Require and maintain documentation of what tests (reference to test procedure if a standard one exists) were performed to make sure the change functions properly.
Require backout procedures in case something goes wrong.
Keep a record of the above steps for each change, recording information such as change number, dates, who submitted, who approved, and who implemented.
Incorporate process for streamlining and shortening the process for emergency situations (usually called HotFix). This usually provides for a single approval with notifications and documentation after the emergency change has been implemented.

Secure Architecture
In order to function securely, the infrastructure devices used to accomplish the functions of the control system must be isolated from outside negative influences.
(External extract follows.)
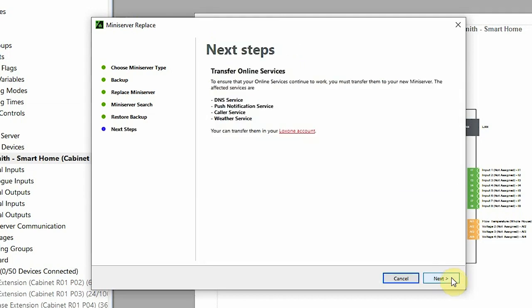That's pretty much all we need to do in Loxone Config. Just one last thing in our partner accounts that we need to do is transfer the online services and registering the new mini server. So we can click here on Loxone account and it would be best if you already make sure that you're logged in via your browser to your Loxone account.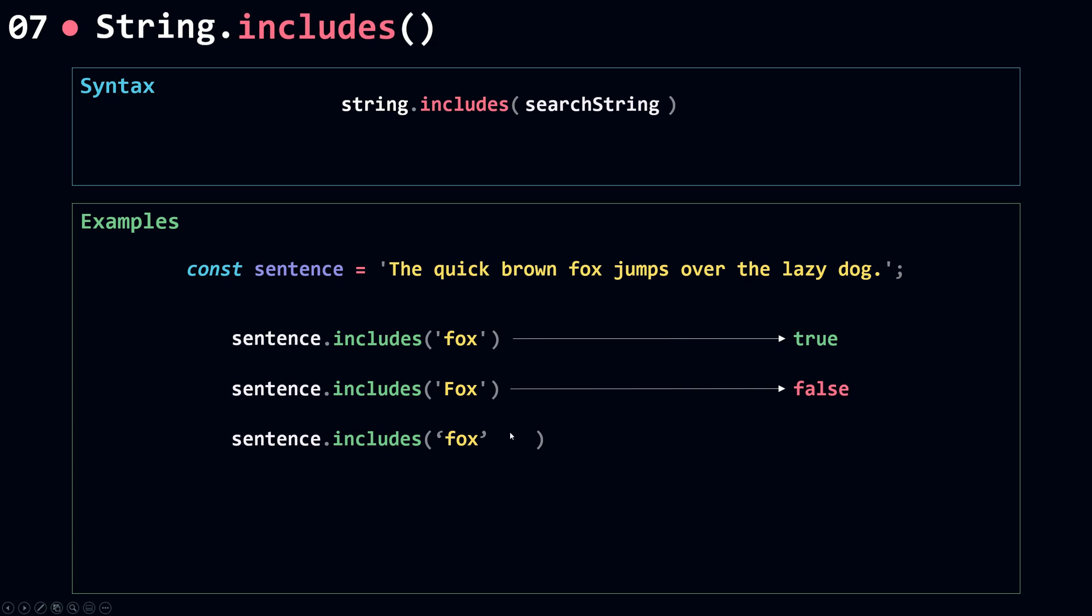Now includes may also take in a second parameter, and that second parameter is called position. The position is the index you want to start from when checking if your string includes a given search string or not.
A negative influence can be anything from an engineer requesting a massive amount of data to the high volume of traffic generated by a hacker’s worm or virus.

To accomplish this isolation, all of the machines associated with the primary function of the control system must be grouped together on a common network and protected from other networks. Before this can be done, the perimeter of the control system environment must be clearly defined and all connections to the outside documented. The appropriate method of securing these connections must be identified and implemented. For Internet Protocol (IP) connections, this requires a firewall.

Firewalls
Firewalls are built to regulate connections between machines inside the firewall and machines outside the firewall. Firewall rules can be written to allow any traffic or to restrict traffic to only specific devices and applications. In order to help secure the control system environment the firewall should be configured to reject all connection requests either inbound or outbound. Then, as functionality is added to the control system environment, new rules can specifically allow the connections required by that functionality. In general, connection requests from the outside should never be allowed.

Implementation of a firewall between the corporate and control systems telecom network will also allow a Demilitarized Zone (DMZ) to be established between the two. This DMZ can then be used for placement of database and application servers that can bridge the two networks in a secure architecture. This will be explored further when we discuss remote access.

Getting data in and out
The types of systems that need to get data to and from the control system environment will vary depending on the application. To remain secure, applications within the control system environment should push data needed by applications external to the control system environment out to those external applications. Also, when external data is needed within the control system environment, applications within the secured environment should pull the data in.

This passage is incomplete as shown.